Hoje eu fui acordada pelo cantar de um galo à beira da minha janela, logo na primeira manhã das minhas férias em Minas.
Seu canto me despertou para as memórias de infância e num instante pareceu que o passado se fez presente. Eu podia ouvir a voz rouca de minha avó conversando na cozinha, ao lado do velho rádio chiado. Eu podia até mesmo sentir o cheiro doce do café com leite que ela preparava, e que parecia ser o único motivo a me fazer levantar da cama quentinha e enfrentar o frio da manhã de inverno.
Senti que aquele canto do galo era um privilégio meu naquela manhã. Apesar de que, mesmo morando na capital, ainda tenho o prazer de receber a visita dos beija-flores e canarinhos que vem cantar em minha janela, enamorados da água doce que deixo para eles todos os dias.
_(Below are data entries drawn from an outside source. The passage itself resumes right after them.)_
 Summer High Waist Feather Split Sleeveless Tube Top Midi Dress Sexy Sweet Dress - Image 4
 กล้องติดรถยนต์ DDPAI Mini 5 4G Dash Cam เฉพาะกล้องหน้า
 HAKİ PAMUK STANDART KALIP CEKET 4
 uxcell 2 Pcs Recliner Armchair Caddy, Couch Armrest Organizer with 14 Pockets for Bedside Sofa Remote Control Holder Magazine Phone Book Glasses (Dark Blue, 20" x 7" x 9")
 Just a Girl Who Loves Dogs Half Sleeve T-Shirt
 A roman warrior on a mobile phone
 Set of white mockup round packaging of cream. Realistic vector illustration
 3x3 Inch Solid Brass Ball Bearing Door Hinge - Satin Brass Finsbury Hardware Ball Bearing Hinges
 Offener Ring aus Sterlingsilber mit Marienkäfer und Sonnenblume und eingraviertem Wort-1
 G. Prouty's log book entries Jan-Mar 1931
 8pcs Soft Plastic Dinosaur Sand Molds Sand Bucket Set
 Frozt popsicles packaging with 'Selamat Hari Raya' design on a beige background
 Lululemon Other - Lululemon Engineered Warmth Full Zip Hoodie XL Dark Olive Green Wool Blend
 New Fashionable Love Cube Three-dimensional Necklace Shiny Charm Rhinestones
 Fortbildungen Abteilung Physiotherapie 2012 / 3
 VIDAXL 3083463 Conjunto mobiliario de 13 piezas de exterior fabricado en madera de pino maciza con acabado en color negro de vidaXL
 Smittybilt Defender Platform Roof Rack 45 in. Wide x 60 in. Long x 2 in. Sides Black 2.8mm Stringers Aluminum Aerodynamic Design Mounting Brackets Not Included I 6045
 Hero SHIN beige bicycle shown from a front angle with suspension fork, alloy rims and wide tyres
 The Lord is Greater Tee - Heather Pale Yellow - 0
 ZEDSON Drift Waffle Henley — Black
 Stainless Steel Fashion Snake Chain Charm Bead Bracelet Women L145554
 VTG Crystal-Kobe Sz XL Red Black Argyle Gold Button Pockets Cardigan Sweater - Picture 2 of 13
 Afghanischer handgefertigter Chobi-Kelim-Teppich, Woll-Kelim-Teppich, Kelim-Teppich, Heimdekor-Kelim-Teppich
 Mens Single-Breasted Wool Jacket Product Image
Mesmo assim, o canto daquele galo me pareceu um som inusitado para quem há tempos não o ouvia de tão perto.
E esse som é também o som de minha infância, das noites de "posar" na casa da vó e encontrar as primas. De comer as quitandas gostosas, o pão fresquinho, a goiabada mole dentro do pão. De subir na goiabeira pra brincar de esconde-esconde, e nos intervalos provar da fruta madura.
E é por isso que esse canto rouco ainda é para mim uma doce nostalgia.

quinta-feira, 31 de março de 2011

O que me falta

A solidão me persegue a vida toda. Apaixonada por mim, não me deixa onde quer que eu vá. Mesmo quando encontrei um verdadeiro amor e achei que, tendo alguém comigo todos os dias de minha vida, eu jamais estaria só, ainda assim, ela encontrou forças para me arrebatar.

E fez uma troca comigo: consegui um amor e perdi todos os amigos. Ela me exilou na mais bela cidade do mundo, para que eu a encontrasse como minha companheira, e dela bebesse como água essencial à vida, e dela fizesse a minha inspiração.

Assim ficamos eu e ela, e só me restou as palavras e todo espaço em branco para preencher... infinito...

As palavras me acompanham nessa luta, mas muitas vezes elas também fogem. Faltam palavras para expressar o que sinto, esse nó na garganta que desce para meu peito e me aperta, como se meu coração ficasse menor, fazendo o sangue escorrer devagar pelas minhas veias, como se um fino ferro fervente corresse pelo meu corpo.

A minha vida passa sem sentido, à procura de paz, à procura do que me falta para sentir-me completa, preenchida. Quero aprender a ser feliz apenas comigo mesma, encontrando em mim a melhor companhia.

Nesses momentos em que me deixo levar pela dor, começo a sentir a falta de todos aqueles que fazem parte da saudade profunda que sinto dos que se foram.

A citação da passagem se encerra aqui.